十数年前に読んで以来、本作を読むのは二度目。
ずーっと、また読みたいなぁと思っていた。
連作の短編集で結構、長い作品だが今回も面白く読むことができた。
娯楽時代劇という言葉がこれほどピッタリな小説はないのではなかろうか。
まず、詩情がありユーモアがある。
そしてラブストーリーも血湧き肉躍るようなアクションもある。
サービスたっぷりの時代劇だ。
主人公の神名平四郎は知行千石の旗本の末弟(おそらく四男)。
亡父が台所働きの下女に産ませた子ということもあり神名家では肩身が狭い。
そんな訳で、神名家を出るべく雲弘流という流派の道場で親しくなった腕に覚えのある二人の友人、明石半太夫、北見十蔵と道場を立ち上げようとするが明石の裏切りで計画は頓挫してしまう。
道場を立ち上げると実家を飛び出したのはいいものの、長屋住まいの平四郎は糊口をしのぐために、よろずもめごとの仲裁という商売を始めることになる。
当初は仕事に事欠いていたが、いずれ夫婦のもめ事仲裁から養子の斡旋、仇討の取り下げの依頼など様々な頼み事が持ち込まれる。
そして、時には長兄の監物(けんもつ)のお役目がらみの仕事もやらなければならない。
言ってみればお人好しの探偵といったところか。
監物の敵役で登場する鳥居耀蔵は実在の人物。
十二代将軍、徳川家慶の下、老中である水野忠邦の天保の改革の下、目付や南町奉行として江戸庶民には恐れられるほどの圧政を行い、洋学者たちを弾圧した。

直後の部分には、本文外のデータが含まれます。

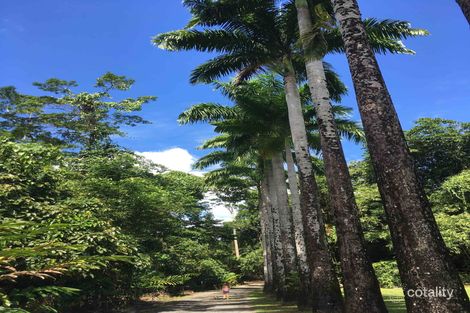 203 Ellis Rd, Bellenden Ker, QLD 4871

文章は過不足がなく、読者が結末を想像できる段になったら、すっぱりと物語を切り上げてしまう。
だらだらと、最後まで書かないところもある。
絵やデザインでいうところの、余白が活きているかんじとでもいうのだろうか。
ゆったり読める。
やっぱり、上手い。
ホント、職人だと思う。
もはやかなわないが、現代を舞台にした探偵や警察もののミステリーなんか書いて欲しかったなぁ。
たまには、名人芸に触れたくなる。
いずれ、また、そんな感じでひも解くのだろうなと思う。